Video: Opening scenes from Richard Attenborough’s 1982 historical biopic Gandhi, winner of eight Academy Awards

Not all historical dramas are about famous people and events, however. Some are about the everyday lives of ordinary people in the past. In Mel Gibson's Apocalypto we see what life was like in the Mayan civilization of Central America before Spanish colonization, and in Rolf de Heer's Ten Canoes we see how indigenous Australians lived before their country was colonized by the British, while in a series of three films called The Apu Trilogy by Indian director Satyajit Ray we see what life was like in a poor Indian village in the 1910s.

Watching films like these is a great way to learn about life in the past, and you will find many more highly-rated historical dramas in the list below.

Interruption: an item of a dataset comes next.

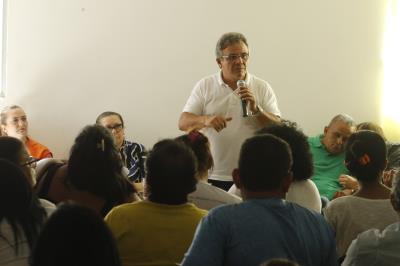 Moradores da Cremação recebem serviços do programa Prefeitura no Bairro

Recommended historical movies

ancient (adjective): very old or from a very long time ago - We're studying the ancient civilizations of India this week.

anti-war film (noun): a film that shows how terrible war really is - Mum made us watch some anti-war films after she caught us playing war games.

civil rights (noun): freedom and equality for all races, genders, classes, etc - They were attacked during a civil rights march.

colonize (verb): to take control of a foreign land and live there - They colonized our land, made us slaves, and stole everything we had.

empire (noun): a large group of foreign lands colonized by one country - The loss of the Thirteen Colonies was a big blow to the British Empire.

epic (noun): a long and spectacular film about famous events in history - Some epics are great, but others are just long and boring.

fascist (adjective): very right-wing, racist and militaristic - Hitler, Franco and Mussolini were fascist dictators, weren't they?

glorify (verb): to make something seem great while hiding its bad side - We don't let our kids watch movies that glorify violence.

historical drama (noun): a drama that's set in the past - I love historical dramas that show what life was really like.

indigenous people (noun): the original owners of colonized lands - Are indigenous people being treated any better these days?

massacre (noun): the brutal killing of many people - Genghis Khan was responsible for many massacres.

monarch (noun): royal head of state, like a king, queen, emperor, etc - How many monarchs are there in Europe?

Native American (noun): an indigenous American - She lives in New York, but she's never met a Native American.

outlaw (noun): someone who breaks the law - In those old Westerns, the outlaws were the guys in black hats.

portray (verb): to show something in a particular way - Why did they portray women as being so weak and afraid all the time?

remake (noun): a new version of an existing movie - She likes the original French movie better than the American remake.

repression (noun): the use of violence or force to control people - Brutal repression by soldiers still didn't stop the protests.

reservation (noun): an area Native Americans were restricted to - They were forced to live on reservations far from home.

revisionist Western (noun): a Western expressing modern views - Revisionist Westerns were pretty popular in the 70s.

revolution (noun): a successful uprising that forms a new political system - The French Revolution was too violent, so it didn't end well.

samurai film (noun): a Japanese drama about samurai warriors - My cousin's a huge fan of those old samurai films.

savage (noun): a cruel, violent and uncivilized person - Why did they call Native Americans "savages" in those old movies?

score (noun): music written for a film - Who's composing the score for your next film?

sheriff (noun): the most senior police officer in a US town - The sheriff gets the outlaw in the end, of course.

Spaghetti Western (noun): a subgenre of Westerns made by Italian directors - I loved Spaghetti Westerns when I was a kid.

uprising (noun): an attempt to bring down a government - There wouldn't have been an uprising if they'd treated everyone better.

Western (noun): a cowboy movie about the old American West - I used to have an old cowboy hat that I wore while watching Westerns on TV.